SELECT CAST(COUNT(*) FILTER (
    WHERE phone ~ '^\([0-9]{3}\) [0-9]{3}-[0-9]{4}$'
    ) AS double precision) / COUNT(*) AS phone_format_conformity_rate
FROM crm.customers

Type correctness (field-level conformity)

In the case of data architectures where structured data is stored as JSON objects rather than discrete typed columns—such as when the schema is flexible or when documents are ingested wholesale from an API or event stream—it’s possible to ingest data where some field contents are improperly typed. A common pitfall is numbers being represented as strings. 

In this example, invoice lines are stored as a JSONB array (a binary database representation of JSON data) within an invoice record rather than as structured rows in an invoice_lines table. The database schema enforces only that the column must contain well-structured JSON; it has no say regarding the types of values within the JSON structure. Thus, if an invoice line contains an element {"amount": "105.20"}, in many cases this would go unnoticed, but such a value is likely to break downstream processing that requires a numeric value. 

This type of error can be detected with the following code:

SELECT COUNT(*) AS invoices_with_invalid_line_amount_type
FROM billing.invoices i
WHERE i.lines @? '$[*].amount.type() ? (@ <> "number")'

Schema conformity (datastore-level conformity)

Within a traditional SQL or other strongly-typed database, you don’t need a check for table-level conformity because the database takes care of that for you. However, for verifying conformity across two systems (for example, staging versus production), you could use a check such as this one:

SELECT expected.column_name
FROM information_schema.columns expected
WHERE expected.table_name = 'new_customers'
AND expected.table_schema = 'staging'
AND NOT EXISTS (
    SELECT 1 FROM information_schema.columns actual
    WHERE actual.table_name = 'customers'
    AND actual.table_schema = 'crm'
    AND actual.column_name = expected.column_name
    AND actual.data_type = expected.data_type
)

Note that in modern data platforms like Snowflake or BigQuery, schema enforcement is more permissive, and in data lakes, the schema is inferred or defined at read time (schema-on-read). In these environments, schema drift can occur silently, and conformity checks require platform-native tooling or a dedicated data quality layer, going beyond what SQL-based checks can provide. 

Price precision compliance (field-level precision)

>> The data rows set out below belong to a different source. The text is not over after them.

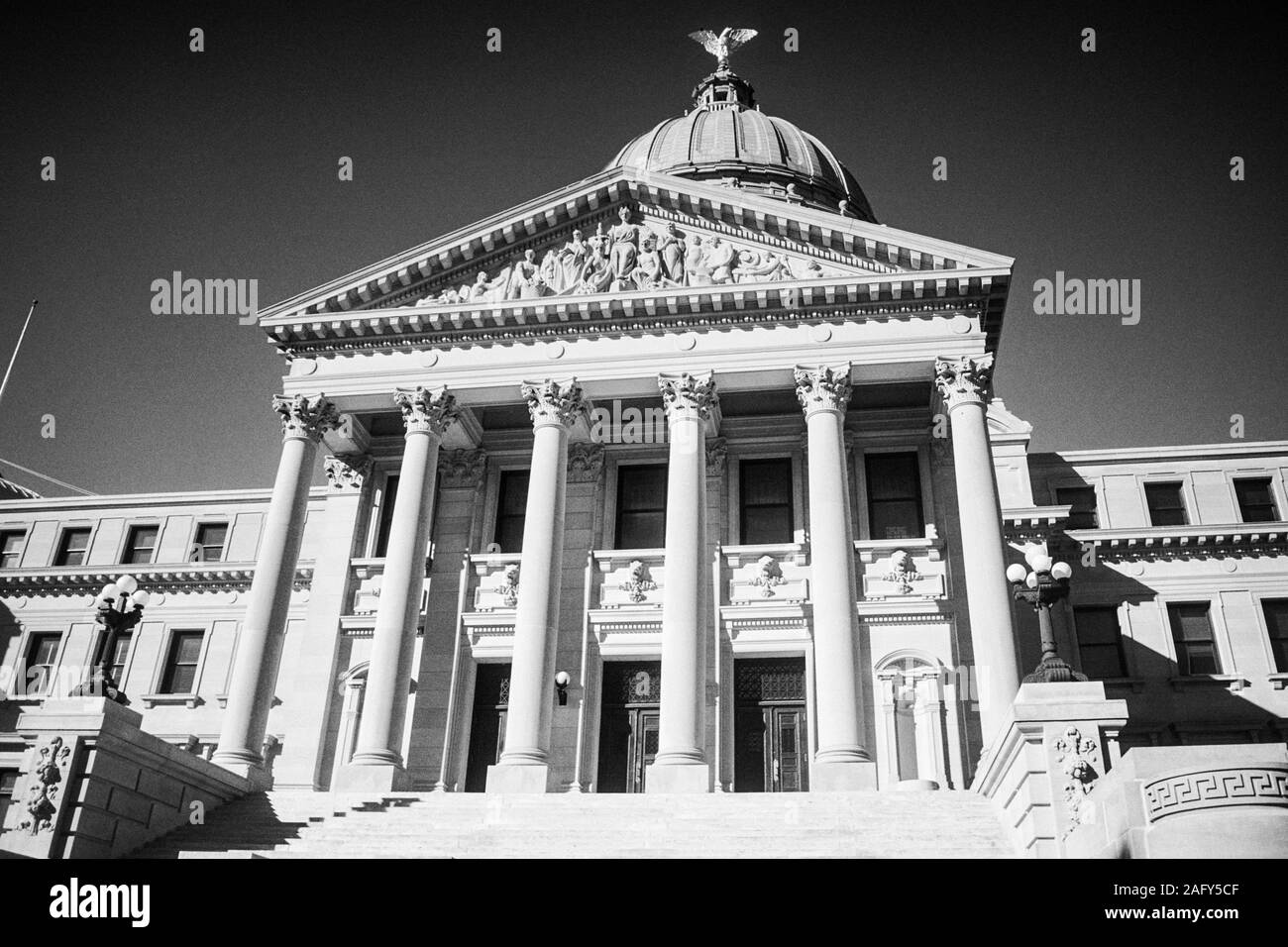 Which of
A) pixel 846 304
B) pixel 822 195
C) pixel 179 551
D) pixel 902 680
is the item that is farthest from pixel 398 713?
pixel 822 195

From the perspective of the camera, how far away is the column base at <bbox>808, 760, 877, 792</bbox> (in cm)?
2273

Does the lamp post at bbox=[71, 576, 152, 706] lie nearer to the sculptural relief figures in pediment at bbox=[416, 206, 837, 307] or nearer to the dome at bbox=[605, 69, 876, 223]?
the sculptural relief figures in pediment at bbox=[416, 206, 837, 307]

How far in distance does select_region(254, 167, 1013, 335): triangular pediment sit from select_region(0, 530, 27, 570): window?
2076 cm

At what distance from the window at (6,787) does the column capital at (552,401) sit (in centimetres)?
1432

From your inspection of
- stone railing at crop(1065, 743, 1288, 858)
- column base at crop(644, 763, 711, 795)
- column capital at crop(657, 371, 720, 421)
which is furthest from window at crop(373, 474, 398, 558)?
stone railing at crop(1065, 743, 1288, 858)

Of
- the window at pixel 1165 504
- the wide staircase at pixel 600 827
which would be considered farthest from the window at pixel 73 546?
the window at pixel 1165 504

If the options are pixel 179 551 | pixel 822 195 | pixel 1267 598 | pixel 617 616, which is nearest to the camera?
pixel 617 616

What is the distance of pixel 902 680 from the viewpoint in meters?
27.9

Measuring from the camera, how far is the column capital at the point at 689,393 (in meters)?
27.9

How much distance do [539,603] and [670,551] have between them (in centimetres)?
345

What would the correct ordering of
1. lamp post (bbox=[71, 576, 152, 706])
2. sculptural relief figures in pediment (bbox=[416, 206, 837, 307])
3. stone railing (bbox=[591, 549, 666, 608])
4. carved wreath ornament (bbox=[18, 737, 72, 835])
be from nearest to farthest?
1. carved wreath ornament (bbox=[18, 737, 72, 835])
2. lamp post (bbox=[71, 576, 152, 706])
3. sculptural relief figures in pediment (bbox=[416, 206, 837, 307])
4. stone railing (bbox=[591, 549, 666, 608])

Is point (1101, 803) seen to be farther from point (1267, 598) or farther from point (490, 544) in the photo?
point (1267, 598)

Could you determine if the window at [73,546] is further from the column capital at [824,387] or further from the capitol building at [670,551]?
the column capital at [824,387] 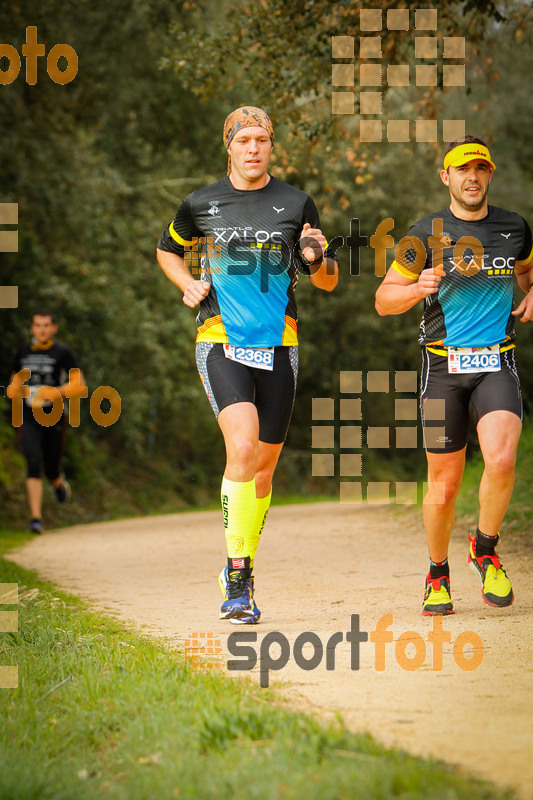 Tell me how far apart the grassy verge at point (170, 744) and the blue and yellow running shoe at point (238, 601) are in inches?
34.7

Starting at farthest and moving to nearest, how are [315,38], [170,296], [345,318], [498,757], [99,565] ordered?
[345,318] < [170,296] < [315,38] < [99,565] < [498,757]

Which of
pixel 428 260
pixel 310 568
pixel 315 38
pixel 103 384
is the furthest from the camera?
pixel 103 384

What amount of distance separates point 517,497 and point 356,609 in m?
5.06

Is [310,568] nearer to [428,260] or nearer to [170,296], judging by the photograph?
[428,260]

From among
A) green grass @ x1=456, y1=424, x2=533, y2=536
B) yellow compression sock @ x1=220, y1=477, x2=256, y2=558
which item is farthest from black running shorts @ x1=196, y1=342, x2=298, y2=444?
green grass @ x1=456, y1=424, x2=533, y2=536

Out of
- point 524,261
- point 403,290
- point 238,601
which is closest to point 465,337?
point 403,290

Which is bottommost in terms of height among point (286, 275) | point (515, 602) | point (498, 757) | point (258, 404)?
point (515, 602)

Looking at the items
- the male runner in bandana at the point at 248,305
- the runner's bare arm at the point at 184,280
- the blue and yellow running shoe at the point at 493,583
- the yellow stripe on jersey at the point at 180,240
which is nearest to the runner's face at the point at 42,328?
the runner's bare arm at the point at 184,280

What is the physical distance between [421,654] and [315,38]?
7.03 metres

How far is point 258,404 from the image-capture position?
561 centimetres

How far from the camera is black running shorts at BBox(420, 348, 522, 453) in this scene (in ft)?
17.7

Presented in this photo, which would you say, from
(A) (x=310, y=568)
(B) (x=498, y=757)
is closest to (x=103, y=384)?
(A) (x=310, y=568)

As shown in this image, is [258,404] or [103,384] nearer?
[258,404]

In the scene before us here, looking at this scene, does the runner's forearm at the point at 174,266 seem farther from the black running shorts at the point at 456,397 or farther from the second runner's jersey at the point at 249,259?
the black running shorts at the point at 456,397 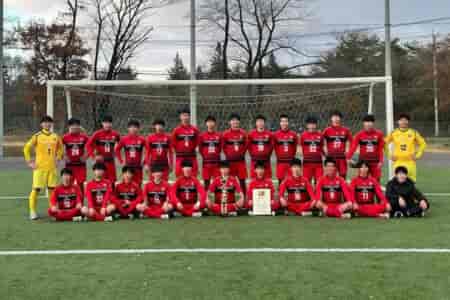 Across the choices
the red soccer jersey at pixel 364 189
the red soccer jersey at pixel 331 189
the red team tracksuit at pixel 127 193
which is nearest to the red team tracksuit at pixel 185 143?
the red team tracksuit at pixel 127 193

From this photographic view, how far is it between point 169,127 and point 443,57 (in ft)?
126

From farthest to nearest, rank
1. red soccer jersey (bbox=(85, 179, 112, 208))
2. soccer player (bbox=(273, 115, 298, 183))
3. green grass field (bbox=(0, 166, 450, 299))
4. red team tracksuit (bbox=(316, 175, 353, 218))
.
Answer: soccer player (bbox=(273, 115, 298, 183)) < red team tracksuit (bbox=(316, 175, 353, 218)) < red soccer jersey (bbox=(85, 179, 112, 208)) < green grass field (bbox=(0, 166, 450, 299))

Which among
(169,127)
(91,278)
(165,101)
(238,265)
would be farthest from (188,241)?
(165,101)

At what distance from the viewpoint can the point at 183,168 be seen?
25.6ft

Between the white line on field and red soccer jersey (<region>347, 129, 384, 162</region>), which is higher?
red soccer jersey (<region>347, 129, 384, 162</region>)

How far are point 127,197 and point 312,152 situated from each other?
10.8ft

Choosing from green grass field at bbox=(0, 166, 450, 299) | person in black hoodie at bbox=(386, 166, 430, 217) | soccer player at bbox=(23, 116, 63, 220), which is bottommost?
green grass field at bbox=(0, 166, 450, 299)

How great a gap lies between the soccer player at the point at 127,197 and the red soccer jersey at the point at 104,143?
81 centimetres

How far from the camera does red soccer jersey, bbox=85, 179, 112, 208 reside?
7367 mm

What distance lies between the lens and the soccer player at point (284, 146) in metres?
8.18

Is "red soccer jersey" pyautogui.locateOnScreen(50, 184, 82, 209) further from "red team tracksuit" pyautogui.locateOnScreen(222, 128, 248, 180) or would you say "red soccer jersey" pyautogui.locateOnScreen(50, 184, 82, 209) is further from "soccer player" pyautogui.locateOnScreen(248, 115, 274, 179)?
"soccer player" pyautogui.locateOnScreen(248, 115, 274, 179)

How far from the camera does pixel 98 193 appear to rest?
7.45 meters

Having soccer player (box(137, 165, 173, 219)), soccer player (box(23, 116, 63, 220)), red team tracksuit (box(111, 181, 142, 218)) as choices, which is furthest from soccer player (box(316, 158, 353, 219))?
soccer player (box(23, 116, 63, 220))

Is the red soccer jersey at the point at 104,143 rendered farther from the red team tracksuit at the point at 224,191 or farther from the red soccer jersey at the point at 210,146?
the red team tracksuit at the point at 224,191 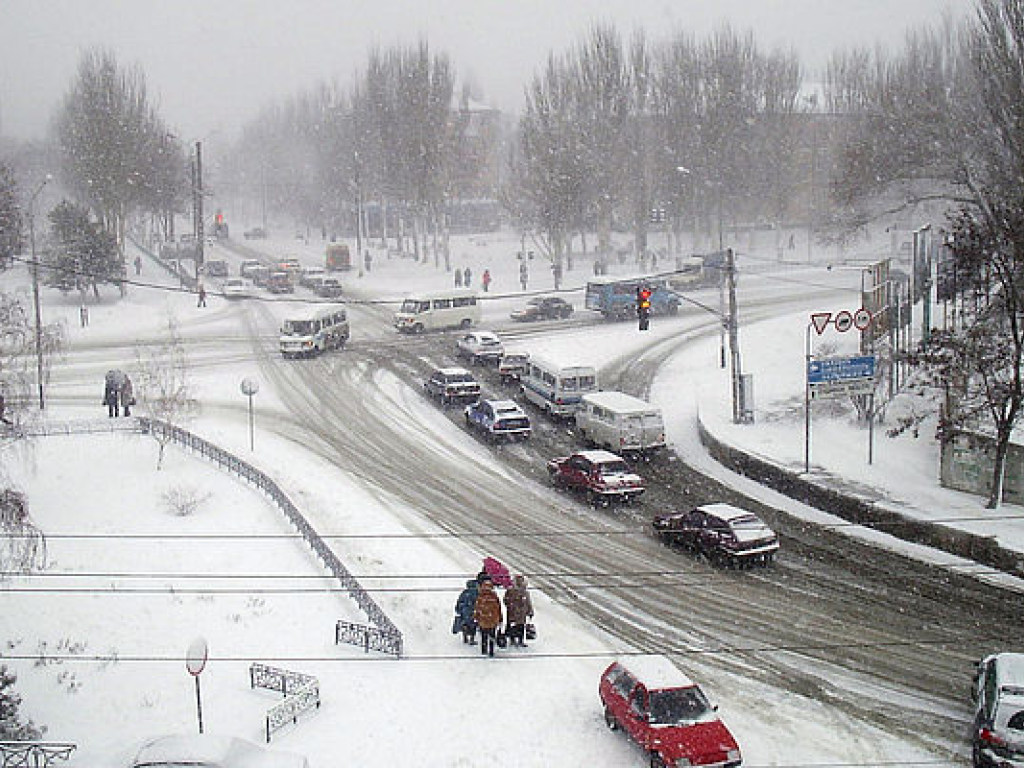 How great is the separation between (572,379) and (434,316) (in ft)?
56.3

The form and structure category also includes numeric resolution/precision metrics. Resolution refers to the smallest measurable increment a value can have, and precision is the number of significant digits or decimal places. For example:

SELECT CAST(COUNT(*) FILTER (
    WHERE SCALE(unit_price) = 2
    ) AS double precision) / COUNT(*) AS unit_price_precision_compliance_rate
FROM billing.invoice_lines

This metric assesses the proportion of unit_price entries that have the required two decimal places of precision expected for monetary values. This level of precision sets the price resolution to one cent ($0.01). Note: This example uses PostgreSQL’s SCALE() function, which returns the number of decimal places in a numeric value. Equivalent functionality varies by SQL dialect.

Value and consistency metrics

These metrics verify that the data correctly represents the real world (accuracy) and remains uniform and consistent over time across systems (consistency), focusing on semantic correctness and cross-system alignment.

Cross-field relationships (field-level accuracy)

One example of an accuracy metric would be ensuring that an employee’s hire date is later than their birth date. This SQL code computes the proportion of records for which that is not true:

SELECT CAST(COUNT(*) FILTER (
    WHERE hire_date < birthdate
    ) AS double precision) / COUNT(*) AS invalid_hire_date_rate
FROM hr.employees

Another example would be ensuring that the relationship between square footage and price of a property remains consistent. Here we have a sample rule that enforces prices between 800 and 1,200 times the square footage. Ideally, this check would not be static—the boundaries would be inferred from patterns identified by profiling the data.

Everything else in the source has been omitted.